We are, after all, constantly exposed to media and pop culture which extol the virtues of casual sex and permissive sexuality. Uncommitted sexual encounters have become culturally normative. A 2012 study by The Kinsey Institute found that up to 80 percent of college students have reported having engaged in hook-up culture. As sexual scripts have changed over the past decades, people – particularly college students – have increasingly had more hook-ups than dates.
It’s understandable that I viewed a Hot Girl Summer in New Zealand as the answer to my post-breakup misery. The only problem, which I overlooked with heedless optimism: I am a highly sensitive person with a preference for intimacy and commitment.
A highly sensitive person (HSP) is a term for those thought to have a high measure of sensory processing sensitivity: a deeper central nervous system response to physical, emotional, or social stimuli. The brains of people with sensory processing sensitivity work a little differently than others’ – HSPs tend to be very deeply affected by negative experiences, easily overwhelmed by sensory stimuli, anxiety prone, and very emotional.
Predictably, these traits – while not necessarily weaknesses – do not stack up well against our cultural obsession with hook-up culture, nor did they lend themselves to my envisioned Hot Girl Summer. Being asked out by strangers terrified me. Dates would drain and exhaust me. I overthought everything. Hooking up with random people was, for me, anything but empowering. My so-called Hot Girl Summer aggravated the worst parts of my sensitivity and turned me in to an anxiety-ridden mess.

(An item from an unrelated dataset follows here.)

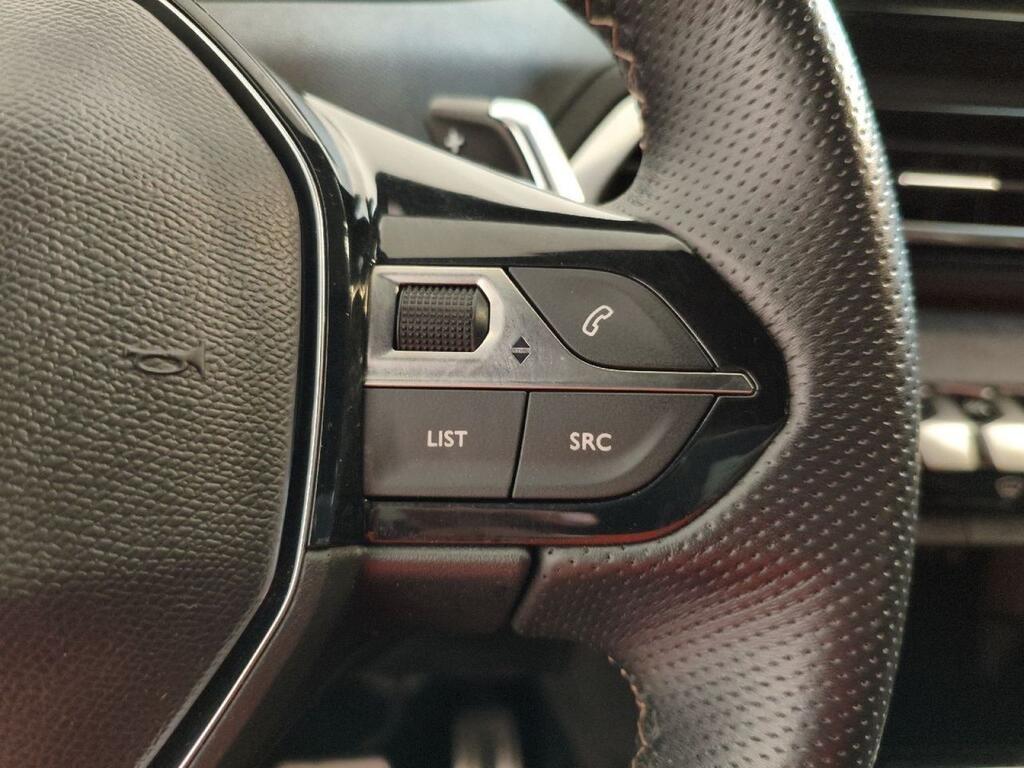 Peugeot 5008 1.5 BlueHDi 96kW S&S GT EAT8 9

I craved the blithe safety and deep sense of being known and seen that I felt with my ex, who was my best friend. I coveted the trust. The intimacy. The way that they protected my sensitivity. I missed the sense of meaning that accompanies building a relationship with somebody.
It became clear to me that exploring my sexuality needed to happen in that kind of context. One of trust, emotional connection and Austen-like slow-burn romance. Admittedly, this was difficult for me to reconcile with my internalised societal messaging around dating and the cultural pressure to participate in hook-up culture.

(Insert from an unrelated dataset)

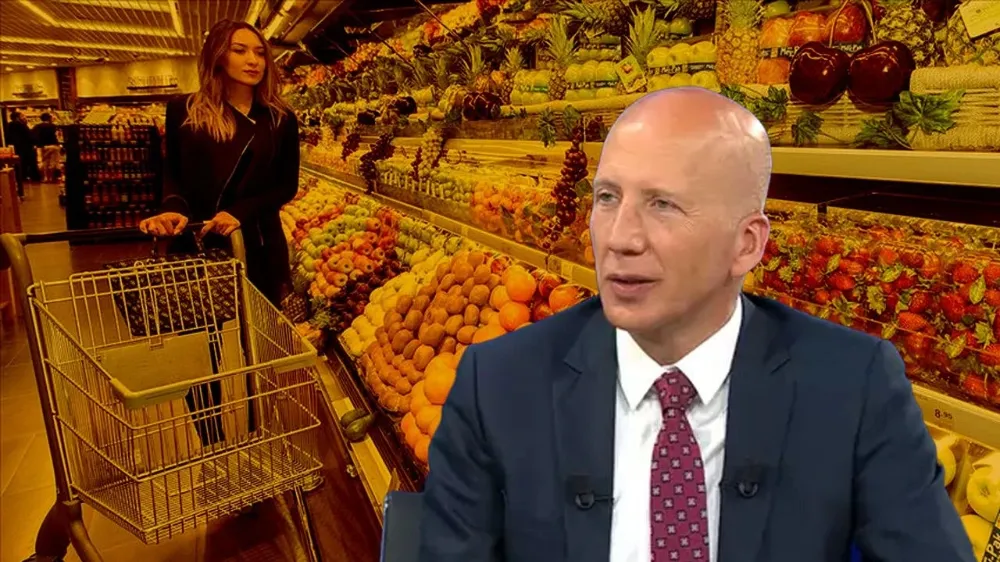 Sanayi üretimi durdu tüketim patladı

Aside from my sensitivity, there was also the compounding factor of merely being a woman. For all the benefits of hook-up culture, there is also an overwhelming body of evidence that documents significant gender differences in affective reactions to hooking up, skewed in favour of men. Women are more likely to report a negative reaction following a hook-up than men; a 2014 study by Baylor University suggested that the gender difference in regret over hook-ups is linked to negative emotional health outcomes. There is also a disproportionate danger of sexual violence.
This is not to say that women shouldn’t participate in hook-up culture, nor that those who do don’t value romantic intimacy – rather, that it’s okay not to want to engage in a culture centred around casual relationships. You don’t need to date to be whole.
Ultimately, my Hot Girl Summer didn’t go as planned, but it prompted a lot of soul-searching and self-growth, and for that I am thankful.